Monday, 3 August 2015
Ghidorah, the Three-Headed Monster (1964)
Possibly because this film got its own US version and release, my Godzilla boxed sets don't include this movie, so I skipped it when I was working my way through the franchise a few months ago. It's a pretty important film in Big G's progression however, as it is the one where he goes from villain to hero (at least until the franchise rebooted about 15 years later, anyway), so when I found a copy available as an individual disc, I picked it up.
As with all Godzilla movies, we've got parallel kaiju and human stories here.

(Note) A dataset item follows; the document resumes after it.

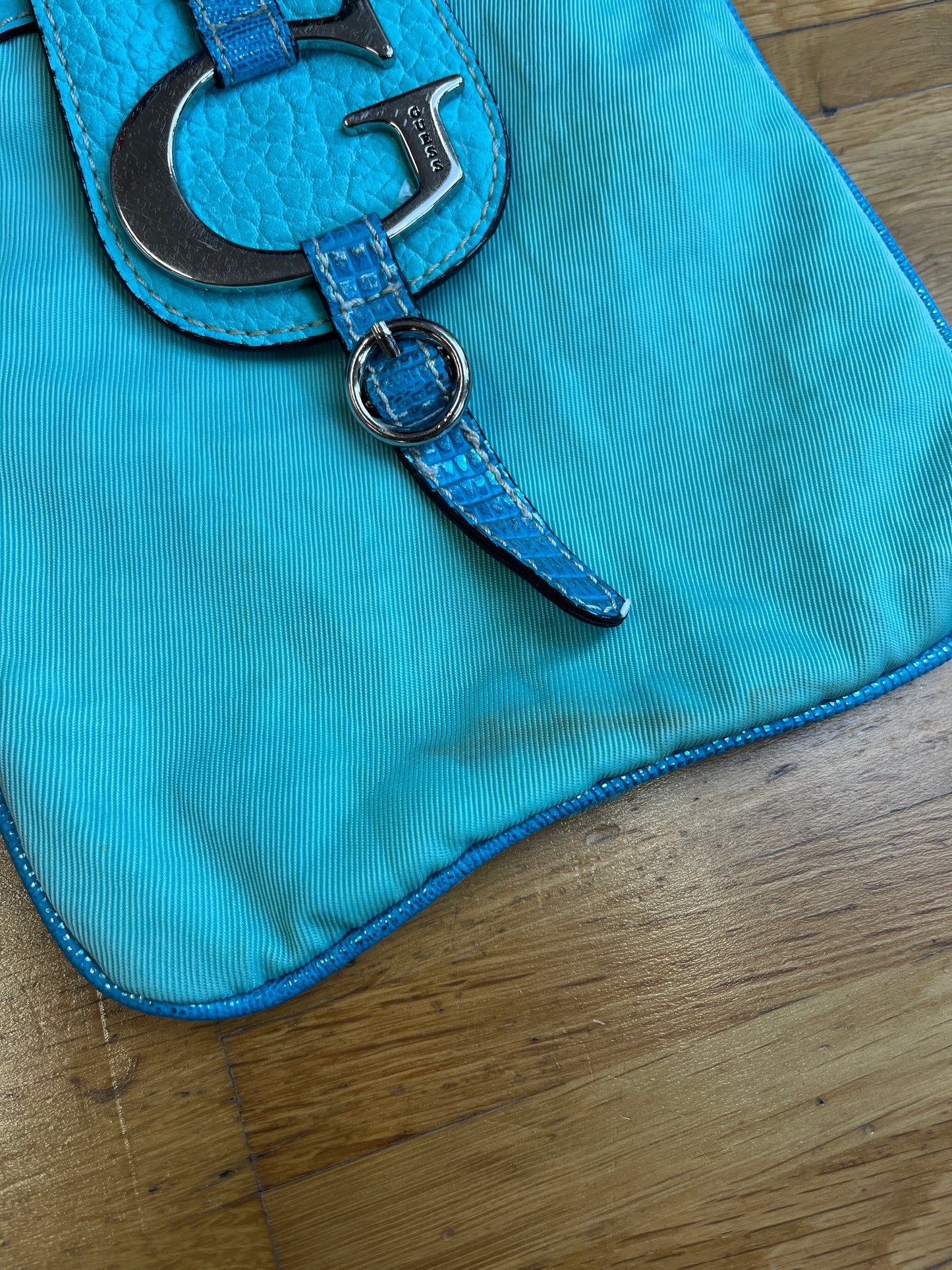 GUESS SLING BAG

The giant monster action revolves around the titular Ghidorah, a three-headed space dragon that destroyed all life on Venus 5000 years ago and now intends to do the same to Earth. The human-scale narrative meanwhile focuses on the princess of a fictitious country, who not only becomes the instrument through which the remnants of Venusian civilisation attempt to warn humanity, but is also being chased by assassins due to political upheaval in her homeland.

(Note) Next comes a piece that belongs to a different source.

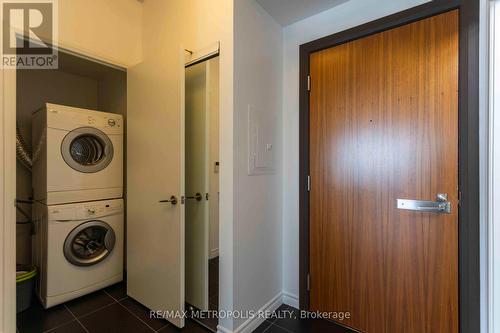 #1611 -500 Sherbourne St, Toronto, ON - Indoor Photo Showing Laundry Room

Big G's face turn also saw the franchise head in a much more kid-friendly direction than it had previously followed, and this film really marks the beginning of that change. The kaiju battles are largely played for laughs, rather than drama. For instance, at one point Ghidorah's lightning breath hits Godzilla in the butt, and Big G leaps into the air, holding his posterior. For seven year old boys, that's comedy gold. For the rest of us, though ... meh.
The rather light-hearted, slapstick air extends to the assassination plot as well, believe it or not. Although "let's murder someone" is a fairly serious kind of sub-plot in general, the would be assassins in this are so bad at their jobs that it feels more like they are playing at being killers rather than actually trying to harm her.
Ultimately, despite the fact that the dialogue claims that humanity will be destroyed if Ghidorah isn't stopped, the whole film feels very lightweight. The comedic fight scenes ensure that there is no sense that there is any risk, and the 'dramatic' moment where Big G decides to fight on the side of good is pretty much bungled: watching the monsters bellowing at each other while someone 'translates' their conversation is not exactly riveting entertainment.
This one is for Godzilla completists only.